Ca(2+)-dependent K(+) channels and Na(+)-K(+)-ATPase mediate H(2)O(2)- and superoxide-induced relaxations in canine trachealis.

We examined the ionic mechanisms underlying the responses of canine trachealis to superoxide (generated in vitro by using xanthine oxidase or added exogenously) and peroxide (generated spontaneously in vitro by the dismutation of superoxide or added exogenously). Although neither had any effect on resting tone, both triggered relaxations in carbachol-precontracted tissues.

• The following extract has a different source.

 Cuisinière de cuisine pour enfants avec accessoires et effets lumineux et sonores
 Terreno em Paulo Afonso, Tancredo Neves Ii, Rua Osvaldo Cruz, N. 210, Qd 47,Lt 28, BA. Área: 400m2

These relaxations were eliminated by catalase but were much less sensitive to the hydroxyl radical scavenger dimethylthiourea, indicating they were mediated primarily by peroxide. These relaxations were decreased in magnitude and/or slowed by nifedipine (10(-6) M), ouabain (10(-6) M), or tetraethylammonium (25 mM), but not by 4-aminopyridine (5 mM), and were small or absent in tissues precontracted with 30 mM KCl. Finally, peroxide triggered membrane hyperpolarization and elevated cytosolic concentration of Ca(2+) (primarily via release from the internal store). Thus peroxide-mediated relaxations seem to involve Ca(2+) release, opening of Ca(2+)-dependent K(+) channels, hyperpolarization, closure of Ca(2+) channels, and relaxation. In addition, some other free radical (hydroxyl radical?) may activate the Na(+)-K(+) pump, also hyperpolarizing the membrane and causing relaxation.